→ Extracted material:
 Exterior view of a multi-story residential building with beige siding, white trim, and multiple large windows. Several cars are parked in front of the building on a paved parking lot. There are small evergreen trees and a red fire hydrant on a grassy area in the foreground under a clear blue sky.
==
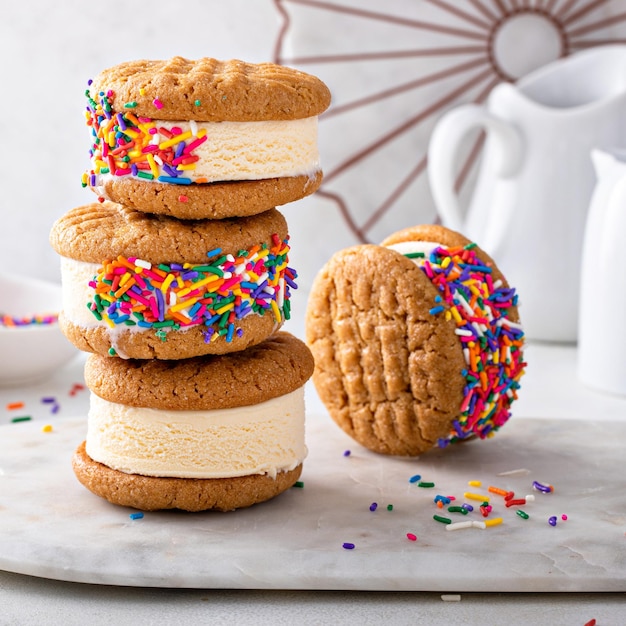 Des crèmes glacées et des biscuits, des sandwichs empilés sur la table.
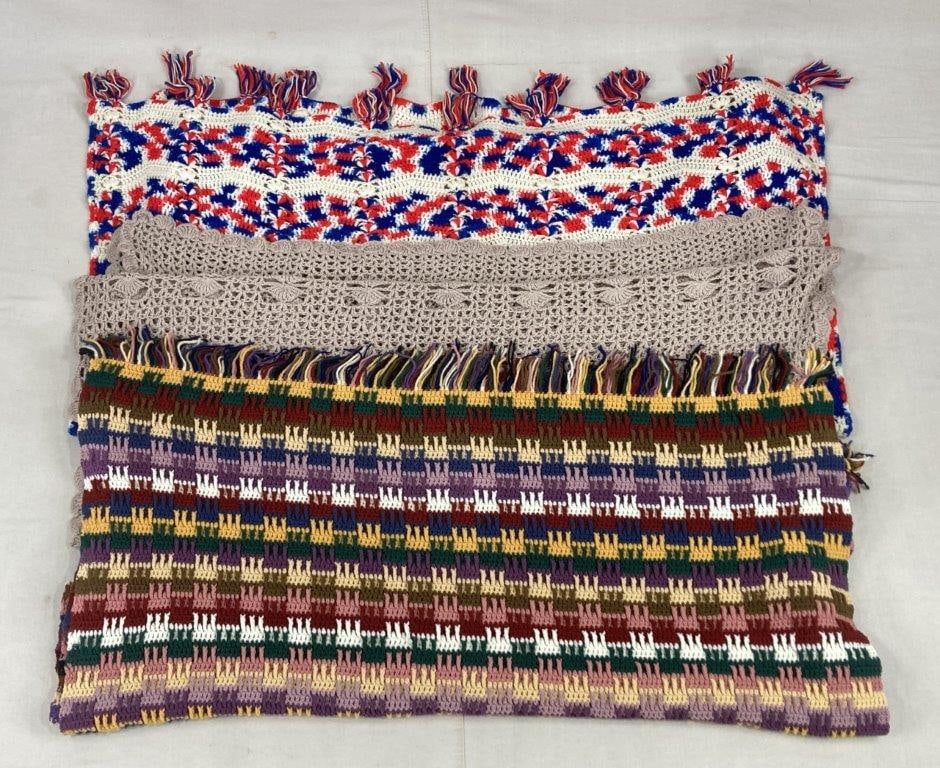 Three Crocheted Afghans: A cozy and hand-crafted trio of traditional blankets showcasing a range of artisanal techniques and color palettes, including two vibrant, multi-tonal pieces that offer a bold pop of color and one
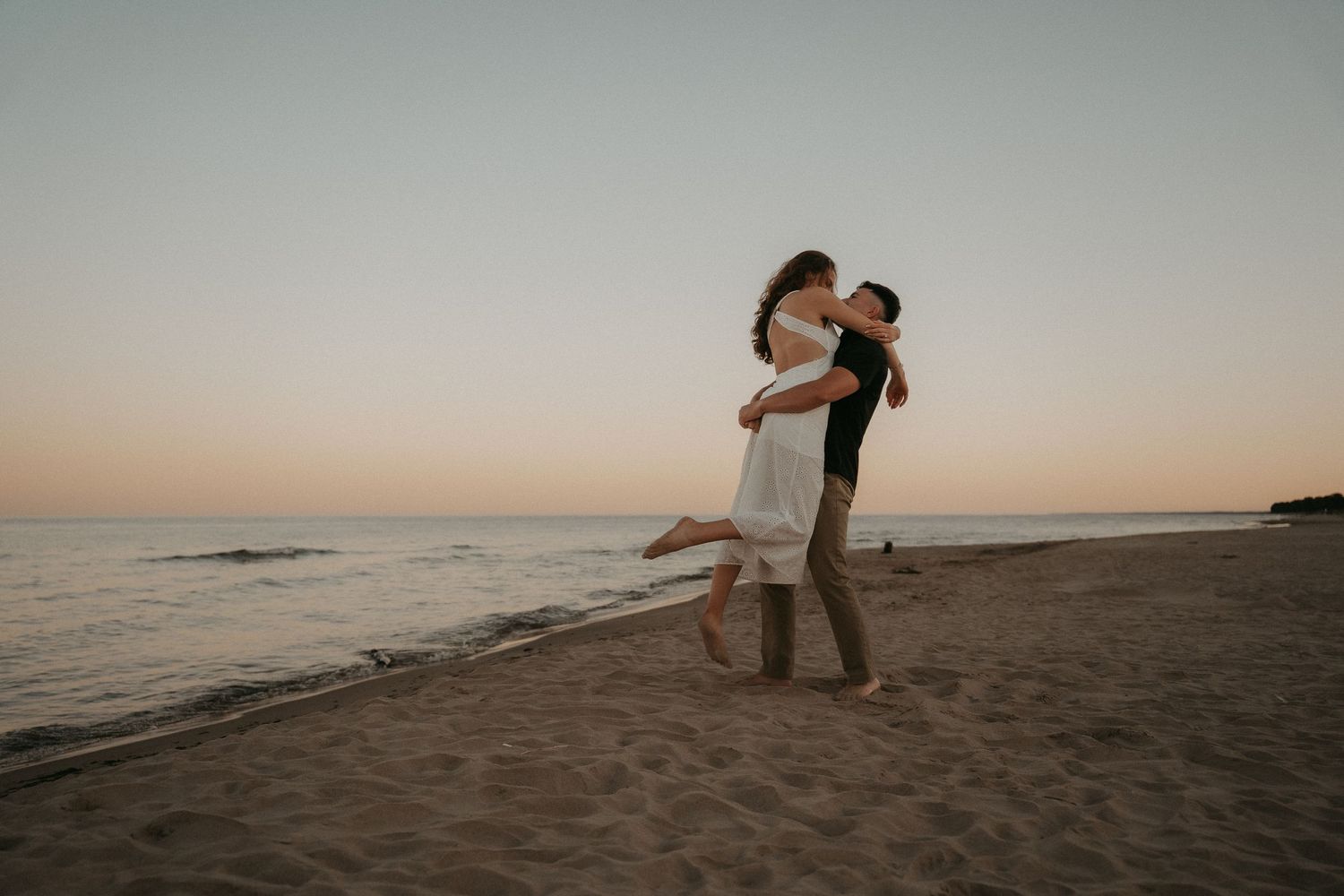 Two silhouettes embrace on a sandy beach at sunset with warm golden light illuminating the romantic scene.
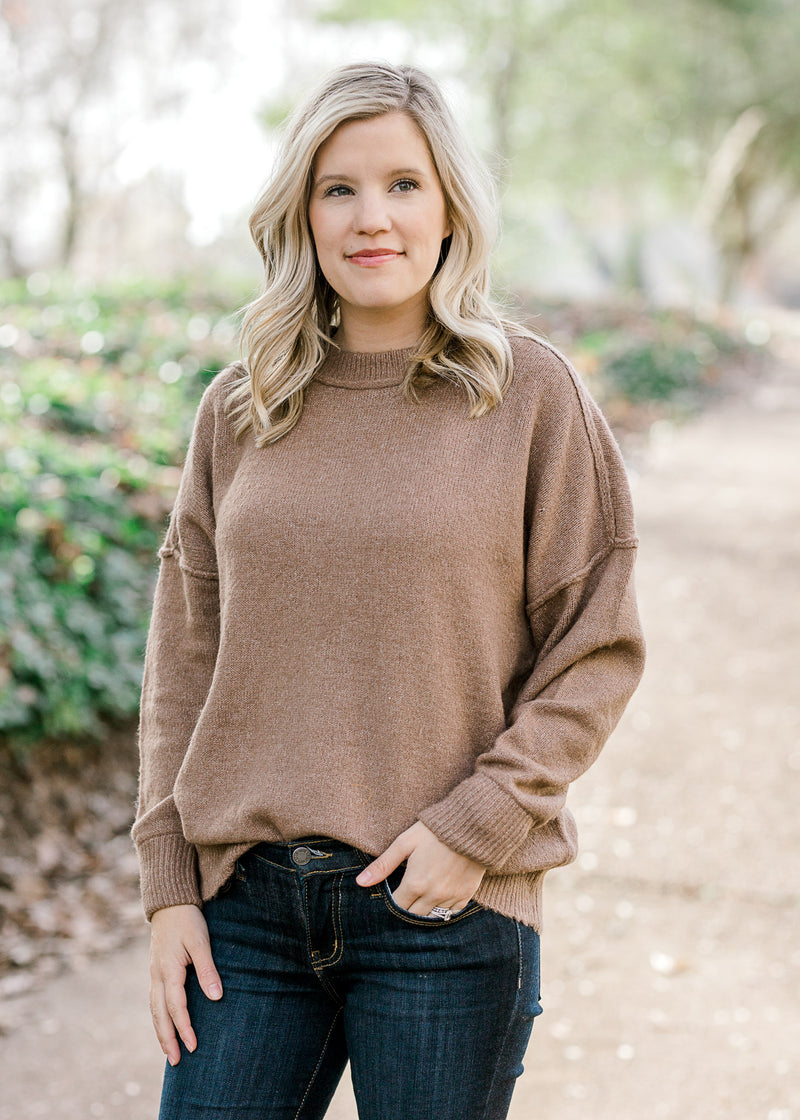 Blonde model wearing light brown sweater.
* * *
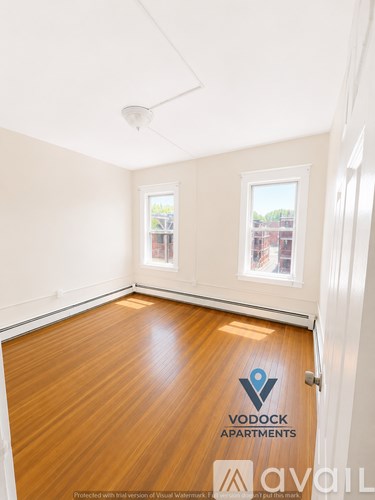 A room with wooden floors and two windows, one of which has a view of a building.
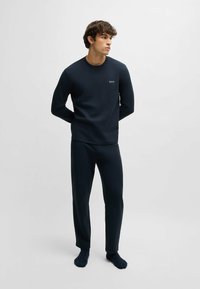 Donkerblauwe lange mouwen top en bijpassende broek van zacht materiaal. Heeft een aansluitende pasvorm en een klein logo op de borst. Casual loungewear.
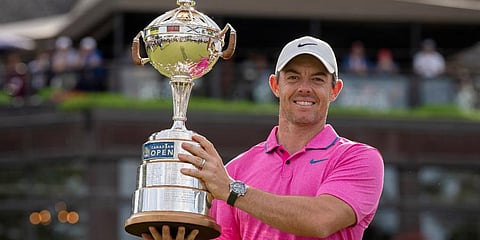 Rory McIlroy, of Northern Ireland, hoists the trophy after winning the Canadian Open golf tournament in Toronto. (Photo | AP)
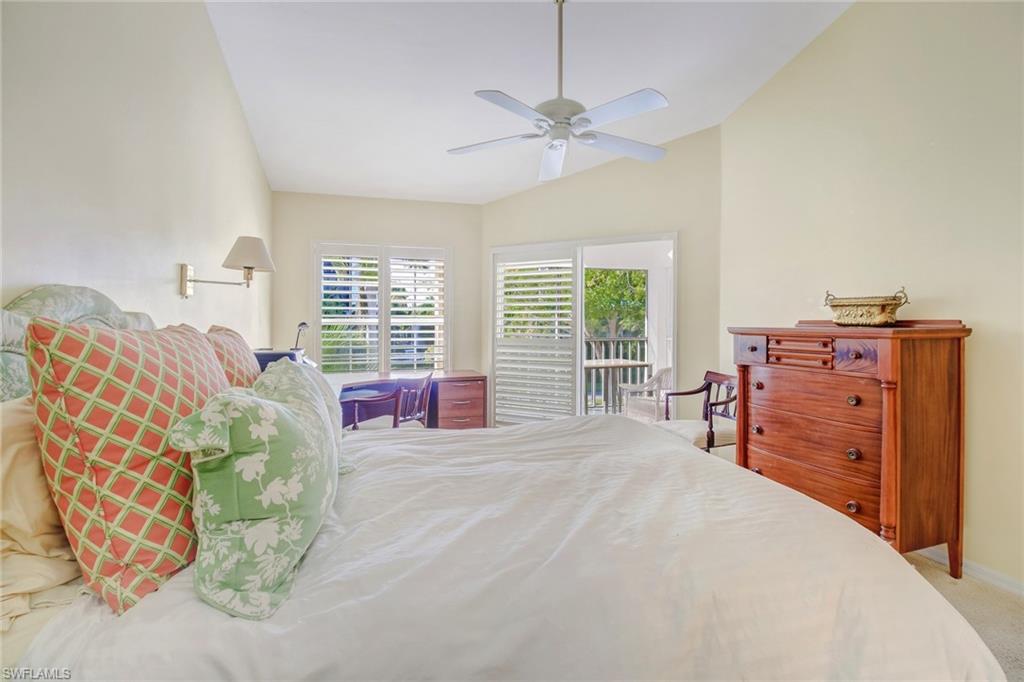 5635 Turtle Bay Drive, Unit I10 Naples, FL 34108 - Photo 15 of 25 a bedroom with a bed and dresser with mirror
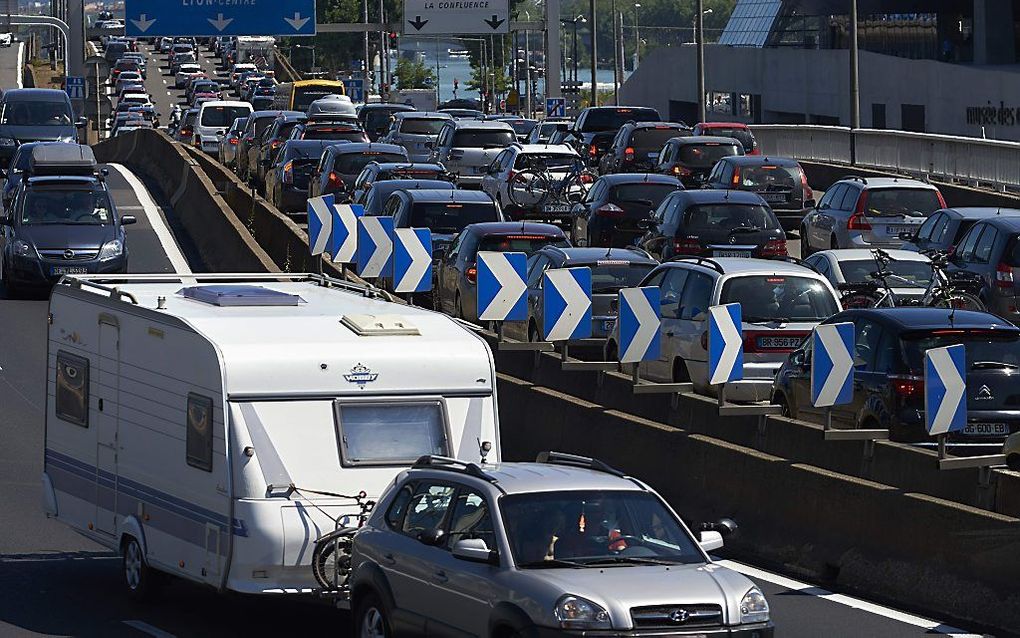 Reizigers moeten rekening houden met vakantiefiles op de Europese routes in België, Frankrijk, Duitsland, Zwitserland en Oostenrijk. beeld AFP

→ Goal of the exercise: Word for word, retype the lines in the entries above that run from the one with "Rory McIlroy, of" through the one with "Reizigers moeten rekening". Both ends count; pictures do not.

→ Solved exercise:
 Rory McIlroy, of Northern Ireland, hoists the trophy after winning the Canadian Open golf tournament in Toronto. (Photo | AP)
 5635 Turtle Bay Drive, Unit I10 Naples, FL 34108 - Photo 15 of 25 a bedroom with a bed and dresser with mirror
 Reizigers moeten rekening houden met vakantiefiles op de Europese routes in België, Frankrijk, Duitsland, Zwitserland en Oostenrijk. beeld AFP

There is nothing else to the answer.